→ **TASK ITEM**
Pictures excluded, return the lines below from the first through the line holding "Used 2024 GMC Hummer EV 3X AWD/4WD image 17".

→ **GIVEN DATA**

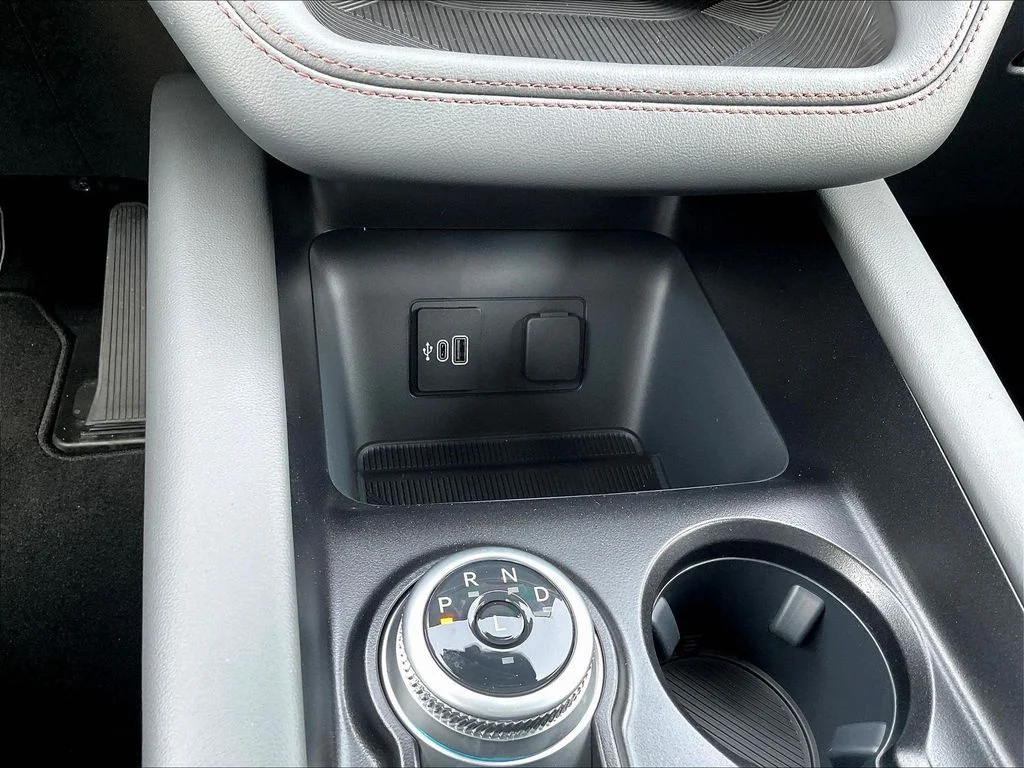 New 2026 Star White Metallic Tri-Coat Ford Active image 24
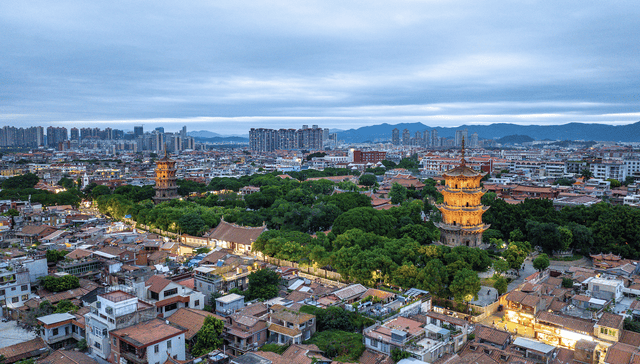 27座万亿GDP城市成绩单出炉：19城经济增速超全国水平<strong></p>
<p>上海证券交易所网站</strong>，这个城市领跑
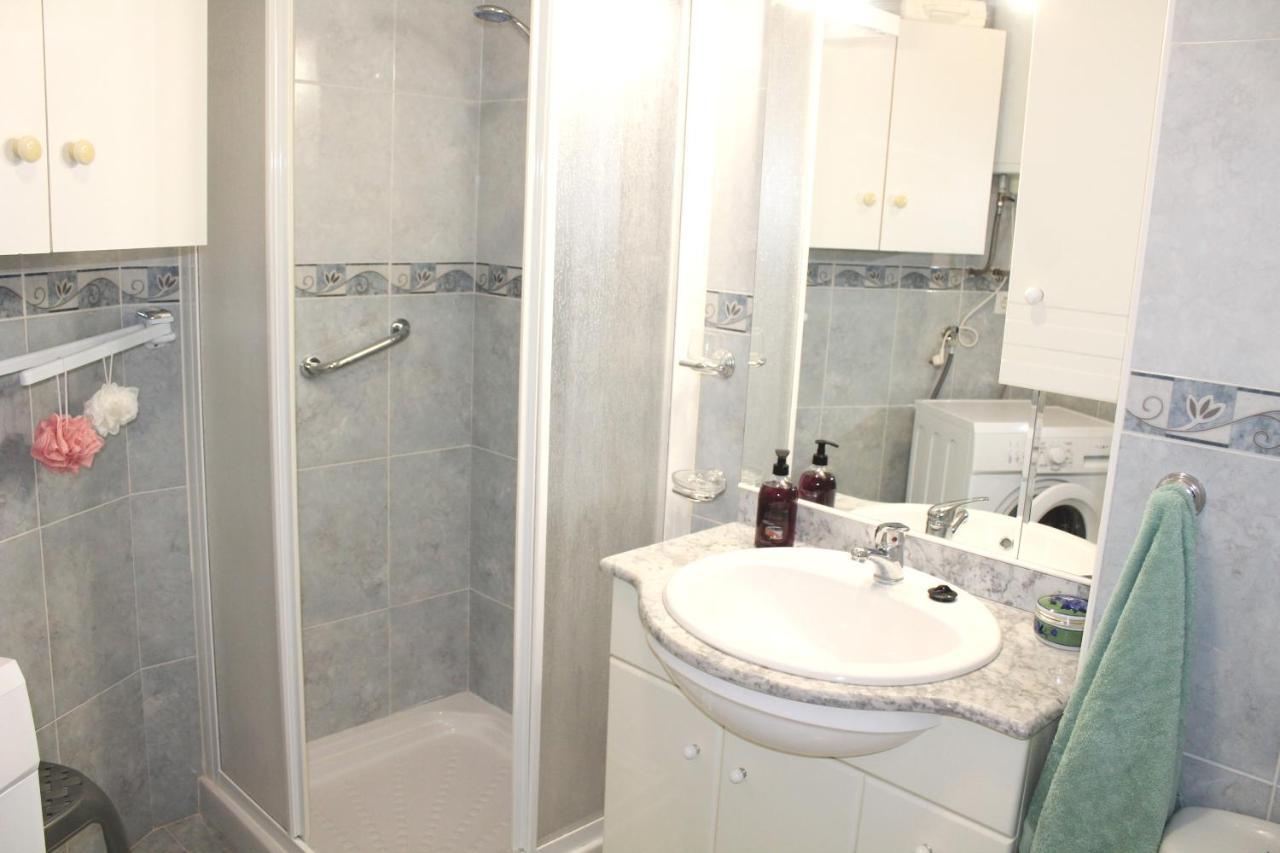 Charming With Pool Apartamento
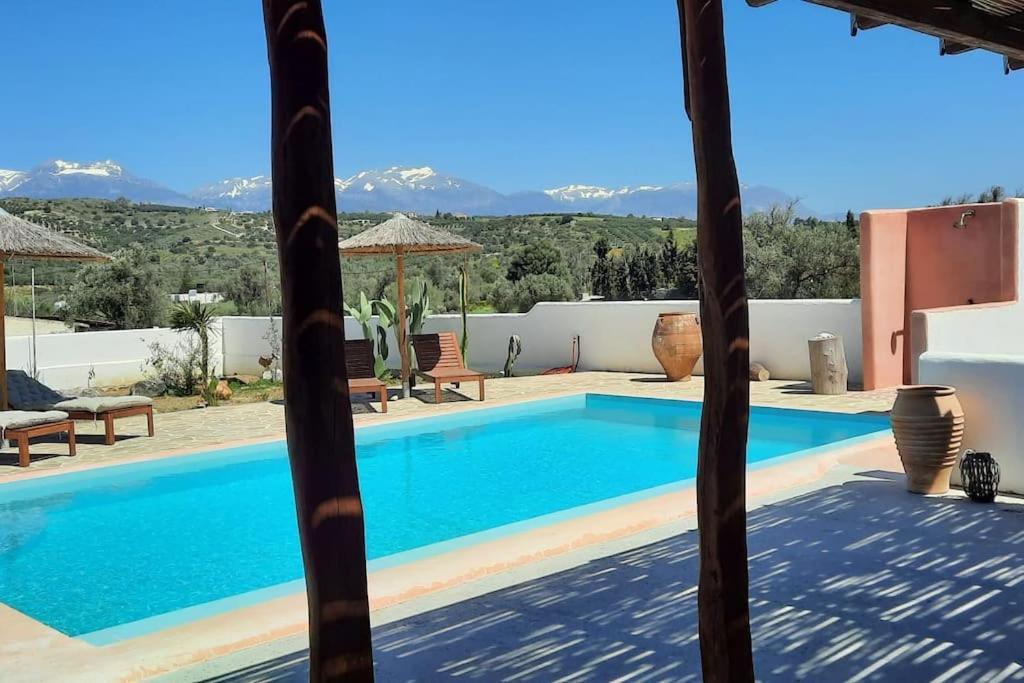 Villa Louloudia Stylish Luxury Villa With Private Pool Pitsidia Exterior foto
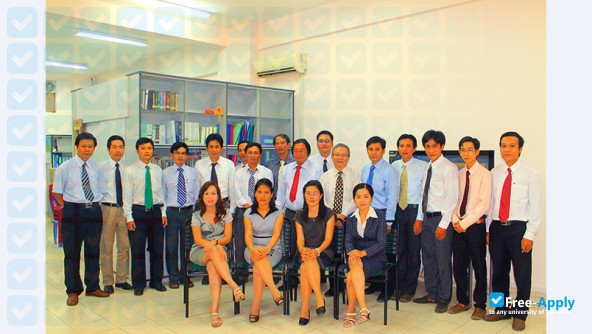 Saigon University photo #4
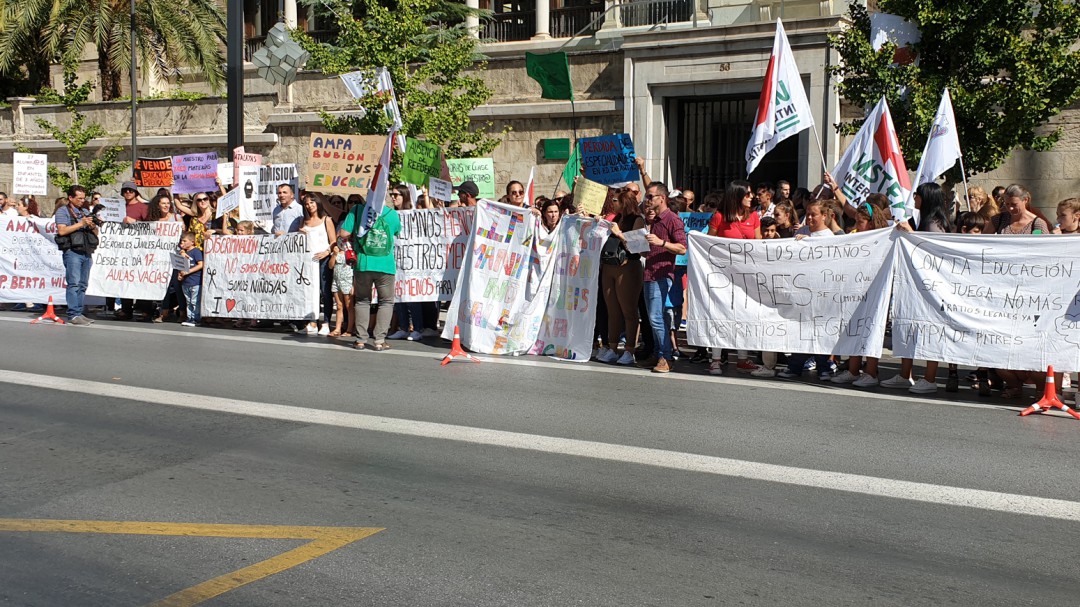 Las advertencias del consejero Imbroda sobre la huelga escolar en la Alpujarra dan sus frutos
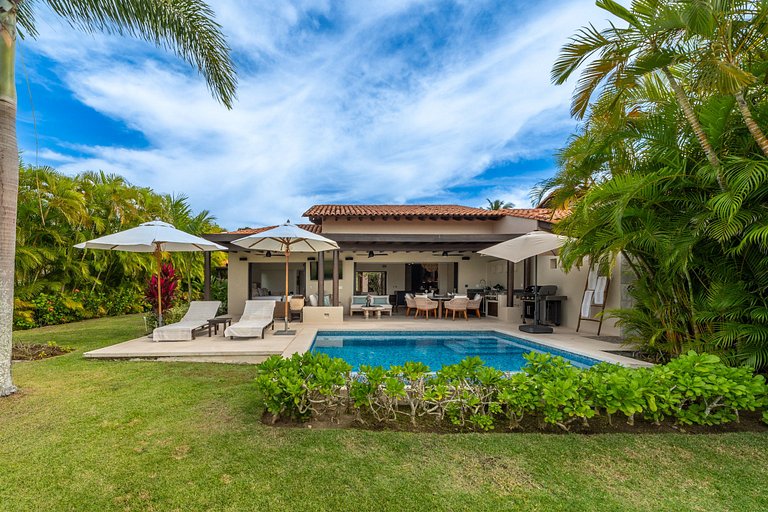 Tale of the Whale | Oceanview Luxury Villa at Mita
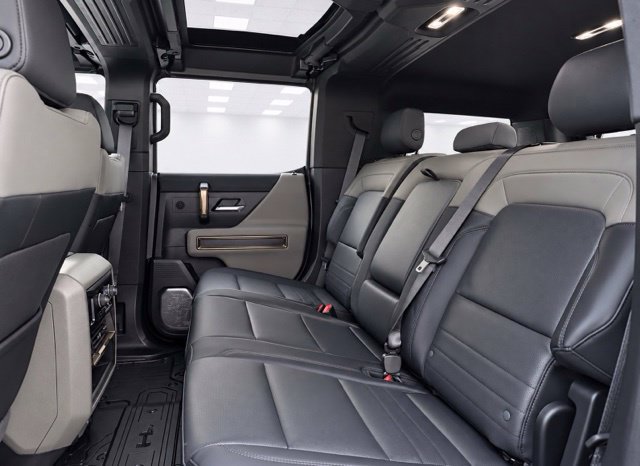 Used 2024 GMC Hummer EV 3X AWD/4WD image 17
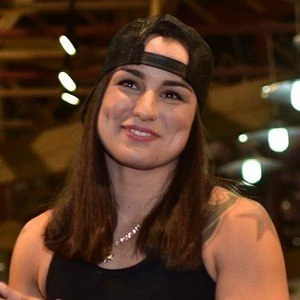 Raquel Pennington - Age, Height, Birthdate, Bio, Family, Networth & More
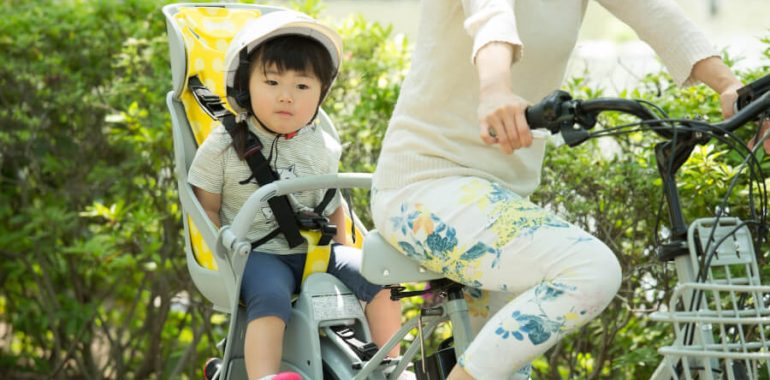 自転車の後ろに乗る子ども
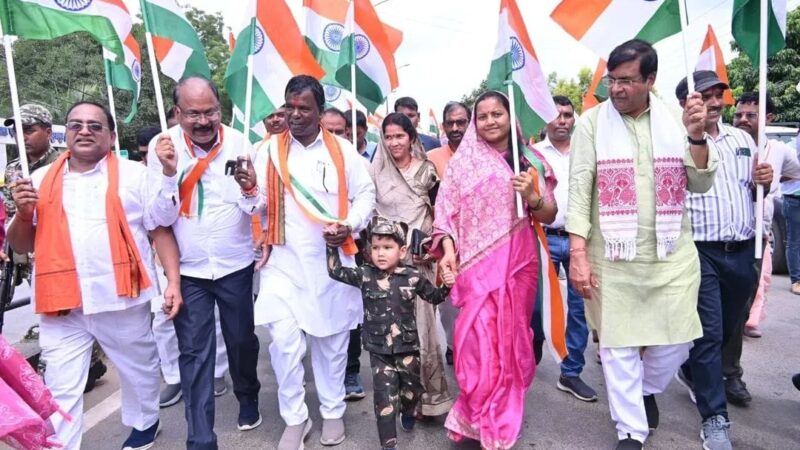  तिरंगा रैली में शामिल हुईं महिला एवं बाल विकास मंत्री श्रीमती लक्ष्मी राजवाड़े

→ **EXERCISE RESPONSE**
 New 2026 Star White Metallic Tri-Coat Ford Active image 24
 27座万亿GDP城市成绩单出炉：19城经济增速超全国水平<strong></p>
<p>上海证券交易所网站</strong>，这个城市领跑
 Charming With Pool Apartamento
 Villa Louloudia Stylish Luxury Villa With Private Pool Pitsidia Exterior foto
 Saigon University photo #4
 Las advertencias del consejero Imbroda sobre la huelga escolar en la Alpujarra dan sus frutos
 Tale of the Whale | Oceanview Luxury Villa at Mita
 Used 2024 GMC Hummer EV 3X AWD/4WD image 17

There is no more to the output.